Reactive Devaluation

Reactive devaluation suggests that leaders will be less likely to embrace opportunities to peacefully resolve a conflict than is rational simply because their adversary has sponsored the proposed solution. However, note that the research itself also suggests one solution to this problem: third parties.

Psychic Numbing and Psychic Priming

When a third party proposed the disarmament solution in the earliest studies of reactive devaluation, individuals rated the policy much higher (and, we can infer, more neutral) than when the opponent proposed the solution.90 In the context of military power, it may be that the participation of third parties, such as neutral states or the UN, could be useful in mediating conflicts. But in other tragic episodes, such as the genocide in Rwanda and ethnic cleansing in the Darfur region of Sudan, there was no such action. Of course, if a political judgment is made that the US places zero value on saving foreign lives, psychological stunning would not result in "wrong" policies.

On the other hand, the fact that we tend to respond more naturally to images of suffering individuals than to statistics of mass atrocities may cause a psychological priming bias that cuts in the other direction.98 Since the 1990s, media scholars in particular studied so-called.
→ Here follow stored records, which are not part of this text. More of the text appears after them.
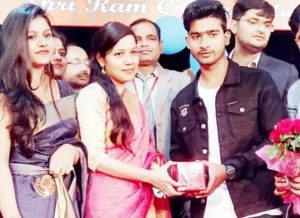 समाचार 4 6 1 |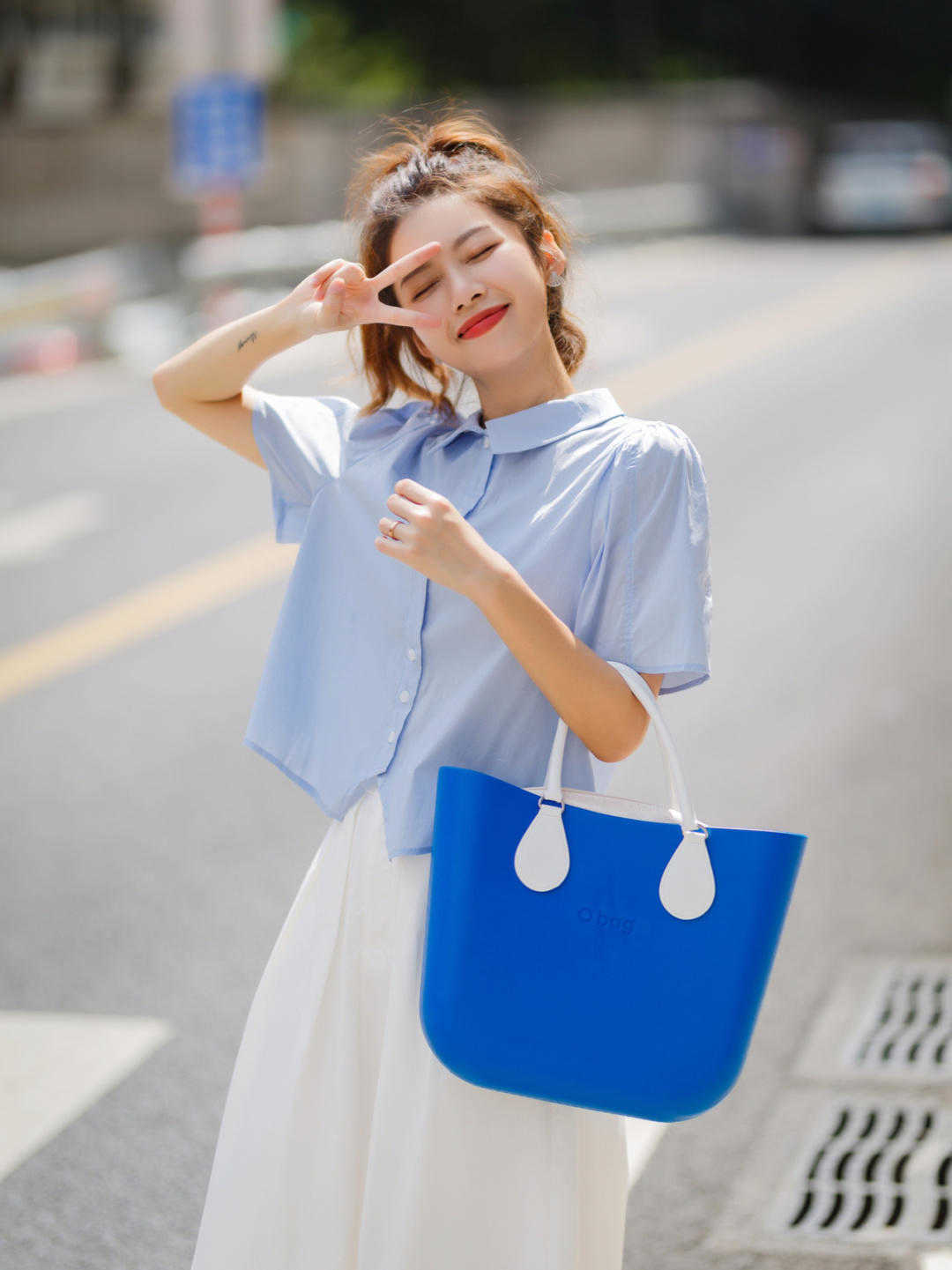 衬衫搭配|夏季,衬衫搭配半身裙温柔优雅,这样穿尽显青春活力,漂亮大气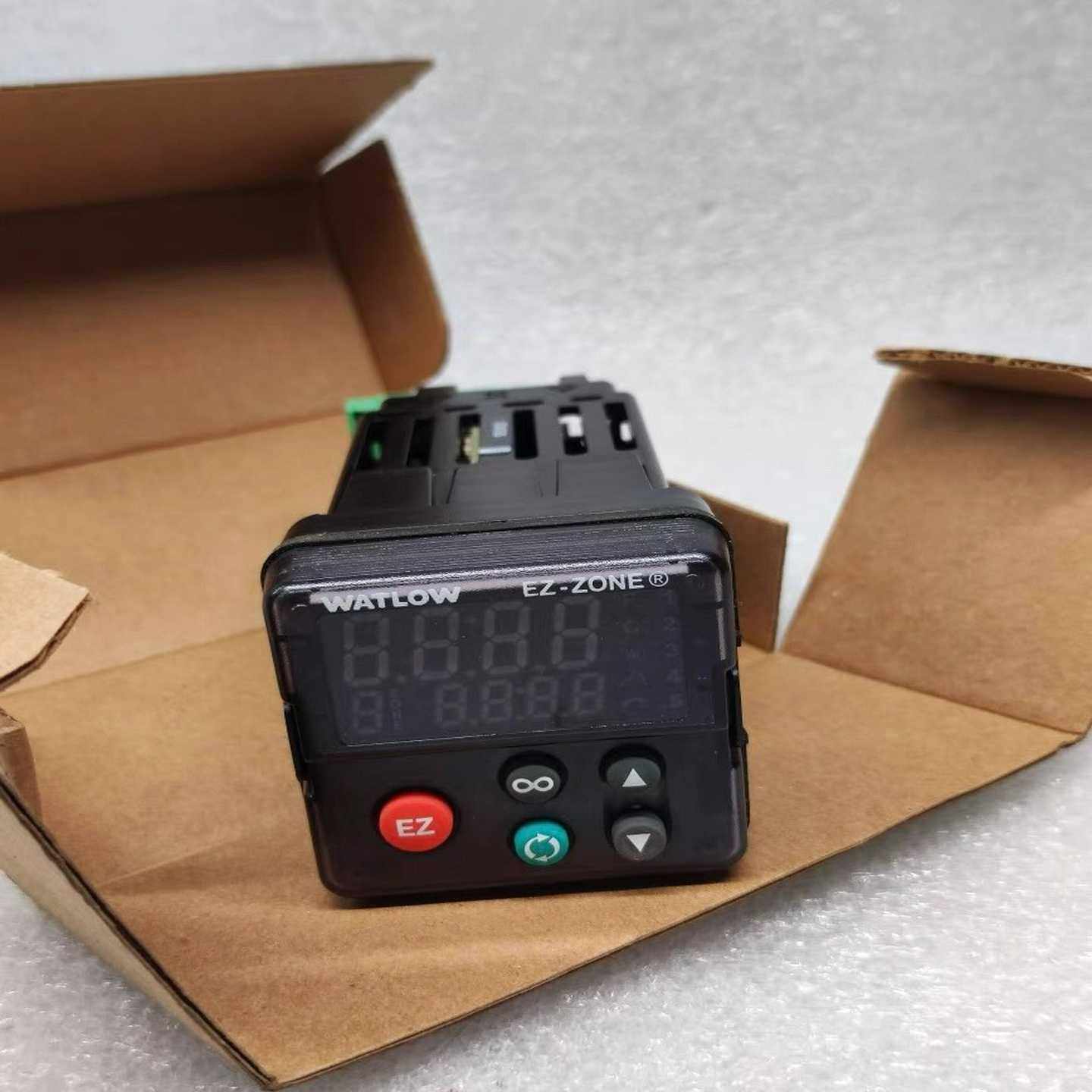 WATLOW瓦特温控器EZKB-L6AE-AAAA原（零零电子）,3C数码配件,其它配件,淘宝优惠券,粉丝福利购,淘宝优惠卷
Critics of this theory have responded that the media rarely drive interventionist narratives alone.

Group Polarization

Professors Glaeser and Sunstein have modeled another driving force behind polarization, showing that individuals are likely to be “[c]redulous Bayesians,” rather than “rational Bayesians.”2 Rational Bayesians learn from other members of the group, using new information and arguments to update their personal views.113 Gullible Bayesians, on the other hand, “treat offered opinions as unbiased and independent and fail to adapt to the sources of information and stimuli of the opinions they hear.”114 In other words, they fail not aware of the fact that the information others give them may be biased or problematic. The problems of group deliberation – especially the problem of homogeneity in the group's views or background – are of great importance to foreign policy decision-making. If the president's advisers share the same foreign policy worldview (e.g., neoconservative, liberal internationalist, realist), they are more likely to analyze and interpret a situation in the same way—and reach the same conclusions about their recommended course of action. of the action.

The result can be that all of the president's advisers—even if they represent institutional voices that are often at odds with each other—may end up underestimating the same risks, overestimating the same benefits, and skewing the case for or against conflict. One of the claimed advantages of having several individuals involved in decision-making is that collective decisions are perceived better than those made by a single person.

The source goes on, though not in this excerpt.